Anyone who publishes regularly, or even semi-regularly, will receive a steady flow of spam advertising new conferences and journals. The advertised publications vary widely in quality, and although some conferences are more academically reputable than others (with the frequently-spammed WMSCI notoriously on the low end), there is generally the presumption that the conferences themselves are legitimately organized. That is, whatever the expected quality of papers, one expects that the conference organizers are legitimately organizing an actual conference, and that payment of the registration fee will entitle the registrant to attend this conference, and report the conference publication on his/her CV.

This presumption of legitimacy (if not quality) is similarly true of spam advertising journals, special issues, calls for book chapters, and so on; however, it could easily be exploited. Especially since "getting a publication" motivates some academics to publish in lesser-known venues, particularly those who work in environments where promotion is due to quantity rather than quality of publications.

This came up recently, as I received an academic spam (similar to this one) offering to publish my five-year-old Ph.D. thesis as a book. Initially I found the offer interesting (whatever the quality of the publisher, it might make the thesis available to a wide audience via online bookstores), but in an unpleasant surprise, I discovered that the legitimacy of this offer is questionable. For one thing, they distressingly ask for your bank information, for the purposes of sending you "royalties" (fat chance, my thesis would probably sell less than 10 copies in total).

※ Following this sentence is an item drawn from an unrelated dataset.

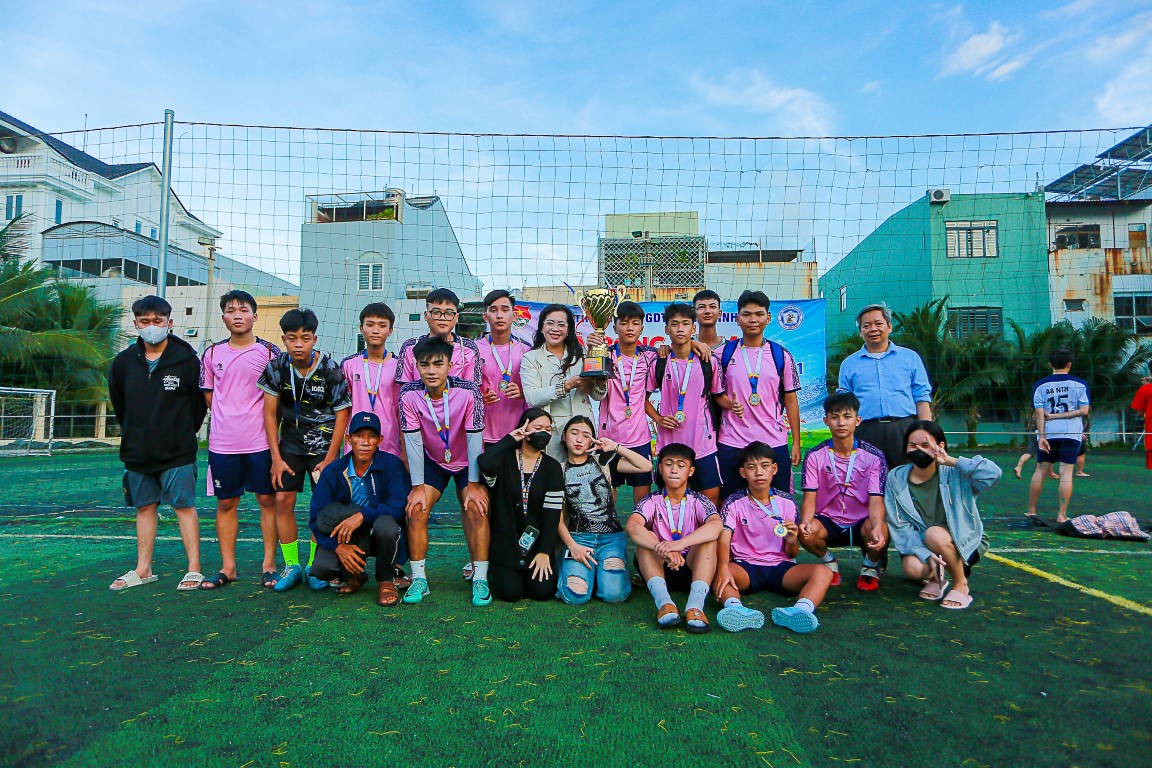 Giải đá bóng tại Trung tâm giáo dục nghề nghiệp Gia Lai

In spite of the controversy, there's enough room to believe that this publisher is probably legitimate, although I won't be taking up the offer. Nonetheless, it's not hard to imagine the following scam: harvest academic e-mail addresses, which are normally published along with papers; set up a bogus conference complete with fancy web page; spam-advertise the conference to the e-mail addresses harvested; accept everything; and once the authors register, take the money and run. Given the outrageously high registration fees for conferences these days (approaching a thousand dollars), this would be a remarkably lucrative scam if even a few people fell for it.

It's enough to make me cast a wary eye on my inbox full of new conference announcements.